Right from the start, Sidney Lumet’s skill at directing was easily recognizable. His first film, 12 Angry Men (1957) is considered by many to be the epitome of the courtroom drama, even if the courtroom is rarely seen at all. Earning three nominations, this film garnered Lumet his first nod for Best Director. 25 years later, he would bookend with another courtroom drama and earn his fourth and final Best Director nomination for The Verdict (1982). His most-nominated film, however, was Network (1976), which racked up an impressive ten nominations. Lumet was nominated for Best Director, but it was the Original Screenplay and the acting talents of Peter Finch (Best Actor), Faye Dunaway (Best Actress) and Beatrice Straight (Best Supporting Actress) that brought home the gold that year.

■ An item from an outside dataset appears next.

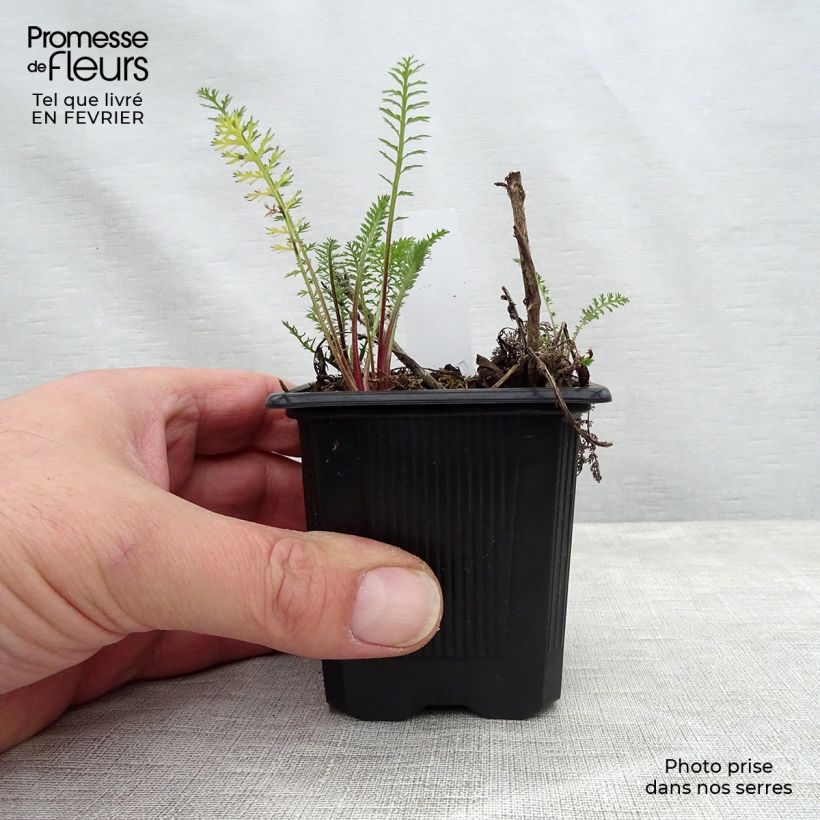 Exemplar von Achillea millefolium Wesersandstein - Gemeine Schafgarbe Kleine Töpfe von 8/9 cm wie im Winter geliefert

Anger is front and center on Howard Beale’s (Peter Finch) Evening News segment after he learns that he will be fired due to poor ratings. As luck would have it, his un-anchor-like actions push the ratings of his show through the roof. Meanwhile, Diana Christensen (Faye Dunaway) realizes the potential to morph the “mad as hell” anchor into an entertainments show instead of a news-oriented one. Now that Beale has a new-found power as a prophet of the airways, he decides to take on the Saudi Arabian conglomerate who is poised to buy out his studio. This gains the attention of the head of the Communications Corporation of America, Arthur Jensen (Ned Beatty), who takes Beale aside and shows him the financial sense of the world. As a result, Beale is told to tone it down and this leads to a slide in the ratings for The Howard Beale Show. Only one option remains for the network, and it’s a win-win situation for them.

2 sum it up: 2 films, 2 stupendous Sidney Lumet movies

Bacon #: 2 (The Manchurian Candidate (2004) / Robert W. Castle -> Sleepers / Kevin Bacon)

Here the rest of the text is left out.